-- DATASET follows --

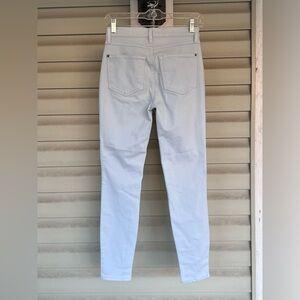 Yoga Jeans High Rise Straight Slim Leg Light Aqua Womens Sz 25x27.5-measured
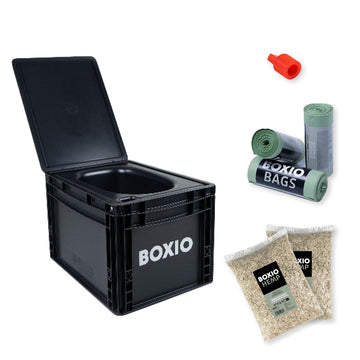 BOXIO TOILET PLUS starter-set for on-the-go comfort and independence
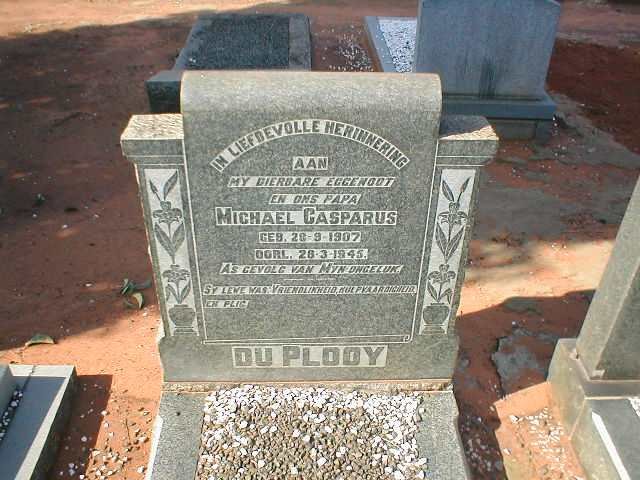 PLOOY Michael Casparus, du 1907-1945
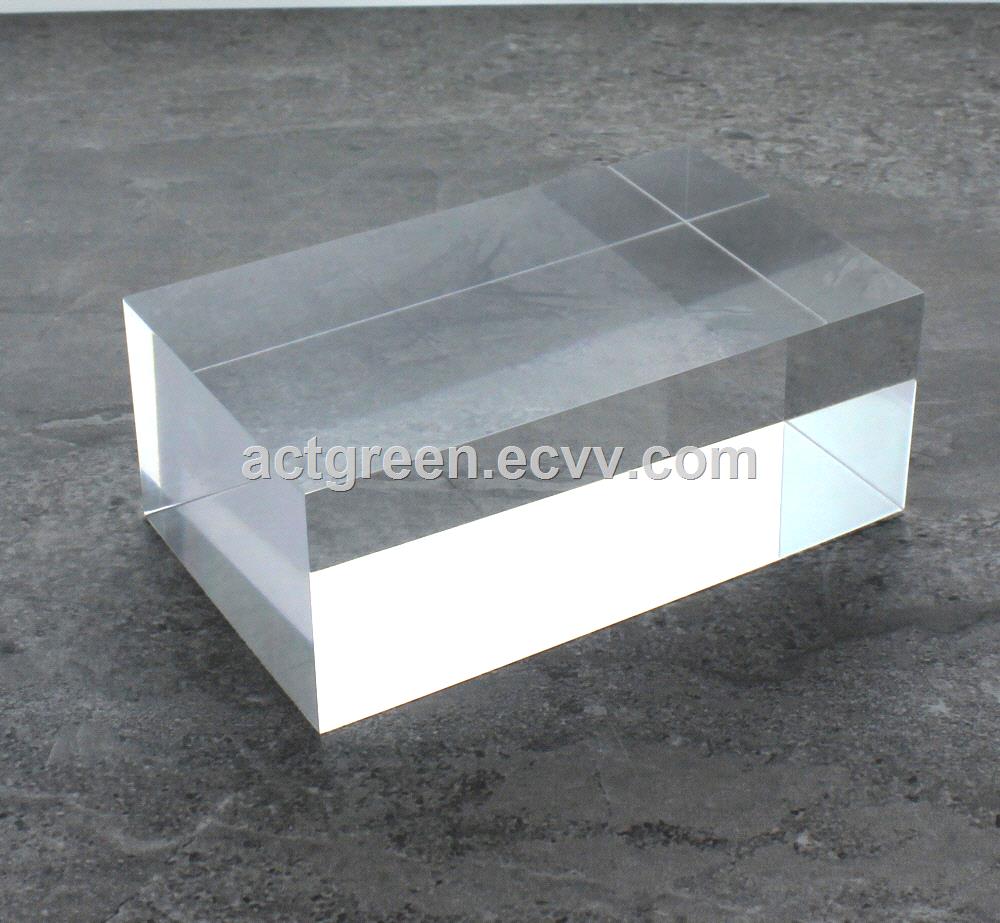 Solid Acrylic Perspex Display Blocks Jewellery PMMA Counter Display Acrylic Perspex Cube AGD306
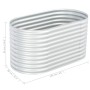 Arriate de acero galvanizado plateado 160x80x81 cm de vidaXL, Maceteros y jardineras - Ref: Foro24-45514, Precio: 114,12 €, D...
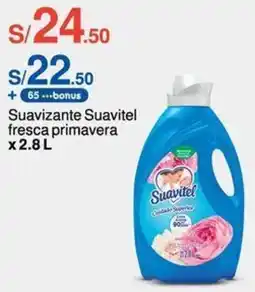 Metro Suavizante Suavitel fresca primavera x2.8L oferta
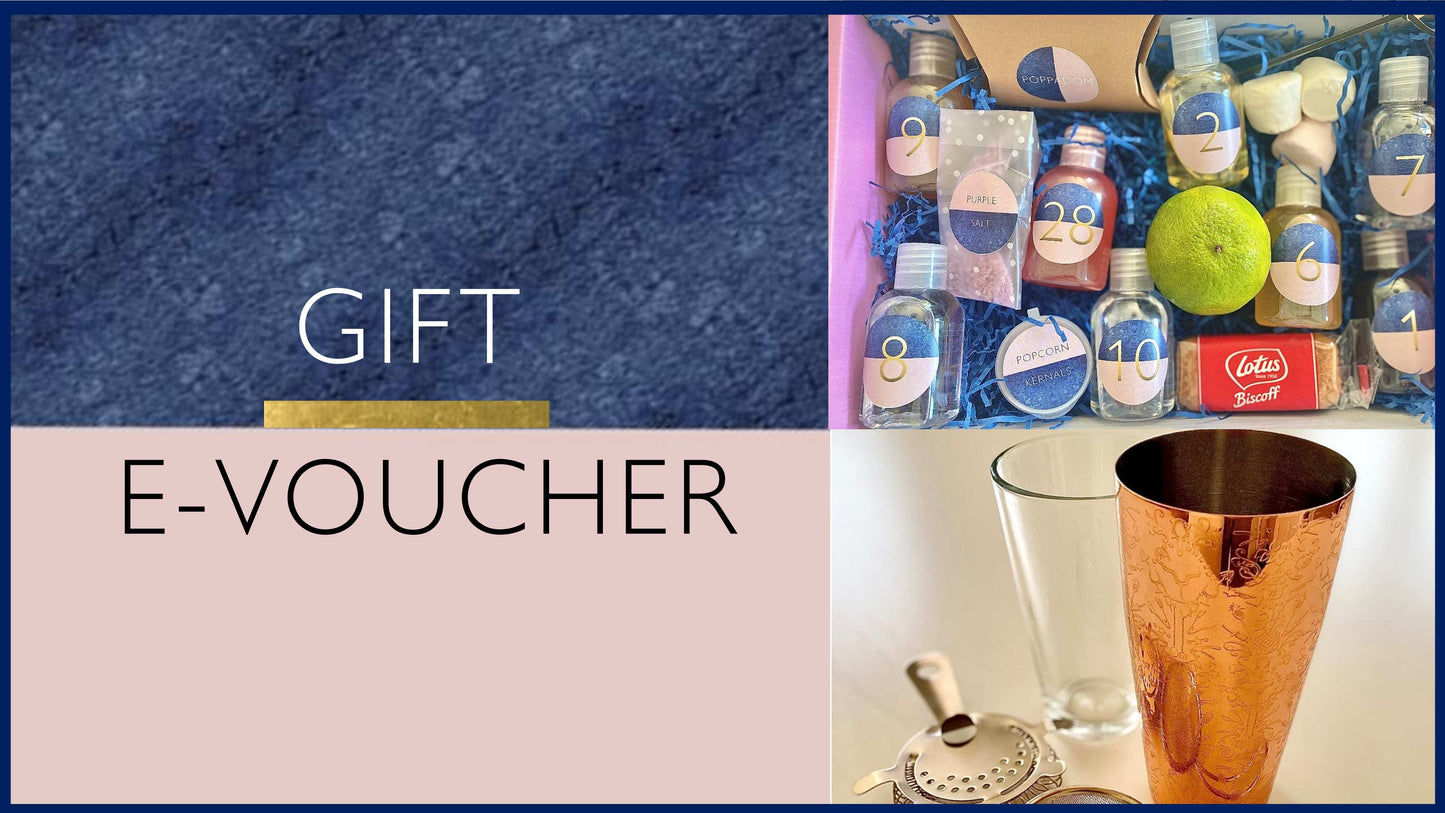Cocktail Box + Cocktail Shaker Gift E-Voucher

-- DATASET concluded --

- _PROBLEM DESCRIPTION_
Write out each line exactly, from the one containing "PLOOY Michael Casparus, du 1907-1945" through the end of the entries, and skip the pictures.

- _TASK OUTPUT_
 PLOOY Michael Casparus, du 1907-1945
 Solid Acrylic Perspex Display Blocks Jewellery PMMA Counter Display Acrylic Perspex Cube AGD306
 Arriate de acero galvanizado plateado 160x80x81 cm de vidaXL, Maceteros y jardineras - Ref: Foro24-45514, Precio: 114,12 €, D...
 Metro Suavizante Suavitel fresca primavera x2.8L oferta
Cocktail Box + Cocktail Shaker Gift E-Voucher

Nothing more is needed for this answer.